**TASK DESCRIPTION**
From the entries below, reproduce exactly the lines from the one with "Slnečný rodinný dom, 120" through the one with "2025 Mercedes-Benz Sprinter", both included, without images.

**EXERCISE MATERIALS**
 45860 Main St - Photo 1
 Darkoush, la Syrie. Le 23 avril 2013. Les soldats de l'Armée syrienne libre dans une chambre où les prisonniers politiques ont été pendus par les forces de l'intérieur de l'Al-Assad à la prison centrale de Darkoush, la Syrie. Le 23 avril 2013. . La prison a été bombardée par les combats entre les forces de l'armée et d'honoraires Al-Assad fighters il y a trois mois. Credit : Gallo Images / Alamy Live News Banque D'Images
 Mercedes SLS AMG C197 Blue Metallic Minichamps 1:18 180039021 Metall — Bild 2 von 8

...

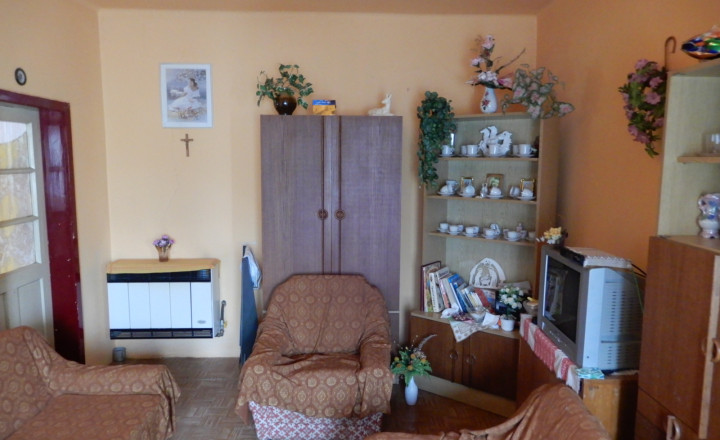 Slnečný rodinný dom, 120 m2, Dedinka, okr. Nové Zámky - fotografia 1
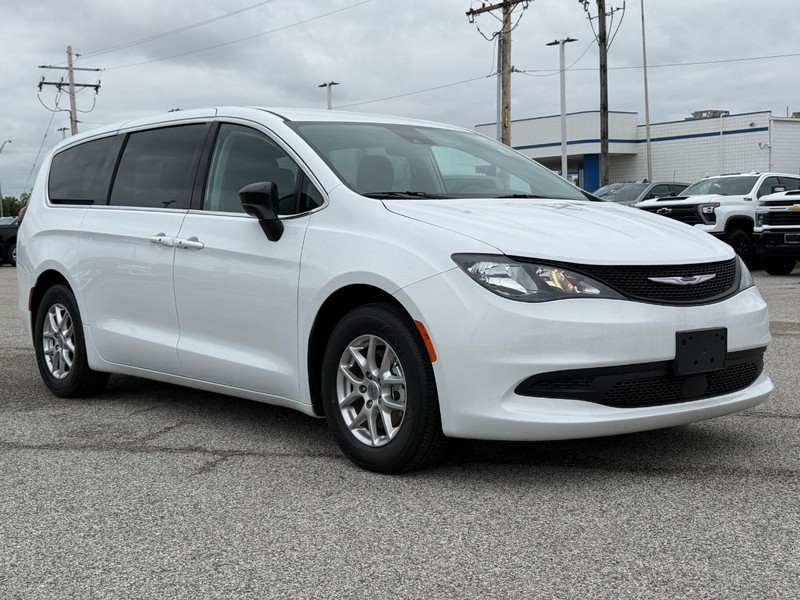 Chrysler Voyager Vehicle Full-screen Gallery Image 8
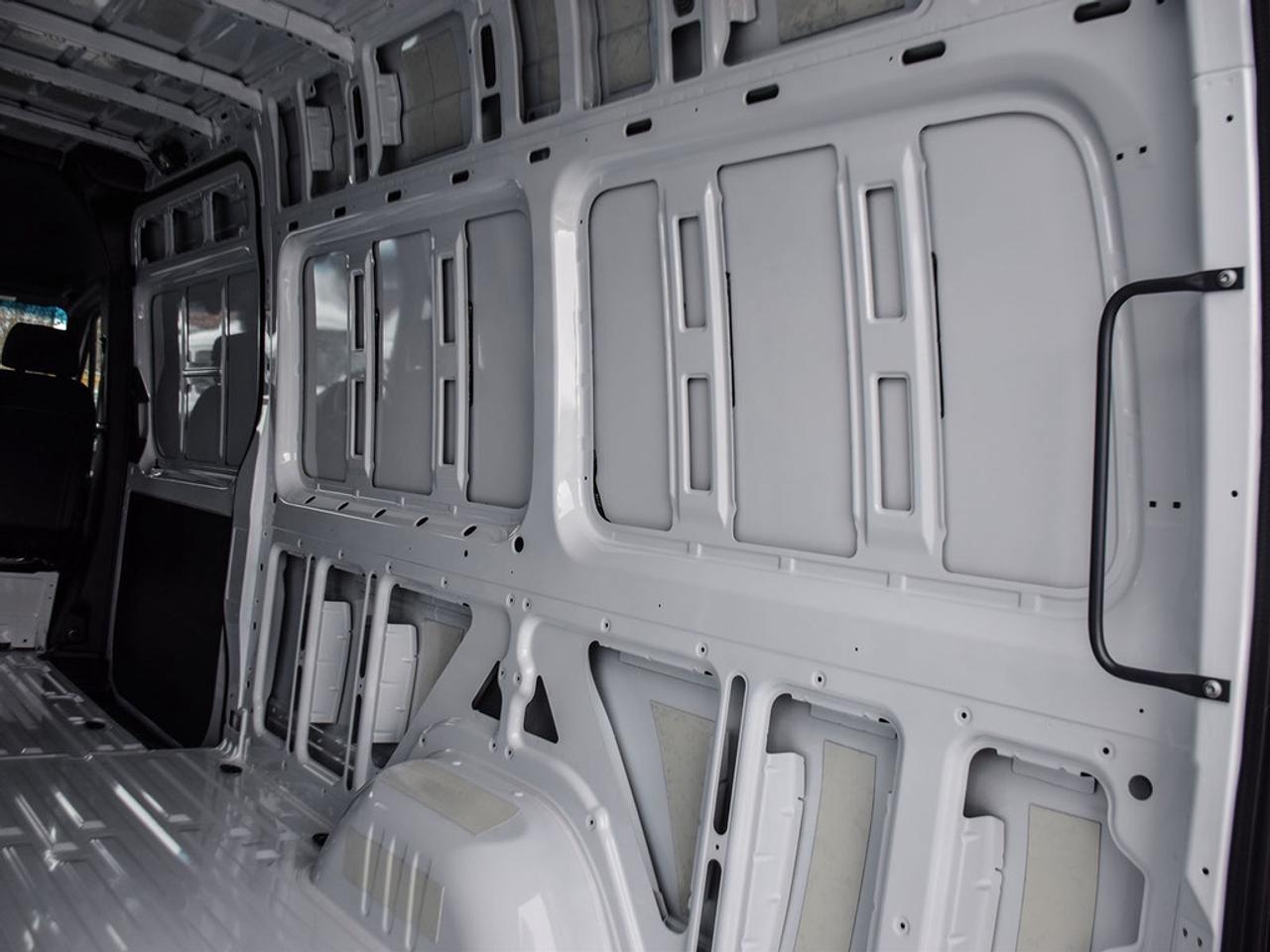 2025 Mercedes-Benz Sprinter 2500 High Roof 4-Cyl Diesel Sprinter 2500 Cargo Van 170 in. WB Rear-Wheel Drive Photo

**SOLUTION FOR THIS EXERCISE**
 Slnečný rodinný dom, 120 m2, Dedinka, okr. Nové Zámky - fotografia 1
 Chrysler Voyager Vehicle Full-screen Gallery Image 8
 2025 Mercedes-Benz Sprinter 2500 High Roof 4-Cyl Diesel Sprinter 2500 Cargo Van 170 in. WB Rear-Wheel Drive Photo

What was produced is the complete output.